## INSTRUCTIONS TO FOLLOW
Transcribe, word for word and without additions, each line below from the one containing "Go and lie down" through the one containing "大学大专计算机考试考的是什么证，考试的大纲是什么-计算机类证书有什么用", both ends included.

## DATA FOR THIS TASK
──────

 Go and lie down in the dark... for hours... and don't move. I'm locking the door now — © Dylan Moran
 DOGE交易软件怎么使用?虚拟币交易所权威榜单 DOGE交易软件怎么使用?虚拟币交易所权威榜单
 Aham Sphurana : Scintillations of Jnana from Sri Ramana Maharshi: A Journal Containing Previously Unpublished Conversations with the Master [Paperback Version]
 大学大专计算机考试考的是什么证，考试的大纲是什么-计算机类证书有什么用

──────

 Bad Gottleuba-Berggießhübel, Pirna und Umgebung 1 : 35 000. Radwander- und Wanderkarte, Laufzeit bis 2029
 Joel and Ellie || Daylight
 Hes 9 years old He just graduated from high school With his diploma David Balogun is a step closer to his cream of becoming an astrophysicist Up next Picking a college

──────

## SOLUTION FOR THIS TASK
 Go and lie down in the dark... for hours... and don't move. I'm locking the door now — © Dylan Moran
 DOGE交易软件怎么使用?虚拟币交易所权威榜单 DOGE交易软件怎么使用?虚拟币交易所权威榜单
 Aham Sphurana : Scintillations of Jnana from Sri Ramana Maharshi: A Journal Containing Previously Unpublished Conversations with the Master [Paperback Version]
 大学大专计算机考试考的是什么证，考试的大纲是什么-计算机类证书有什么用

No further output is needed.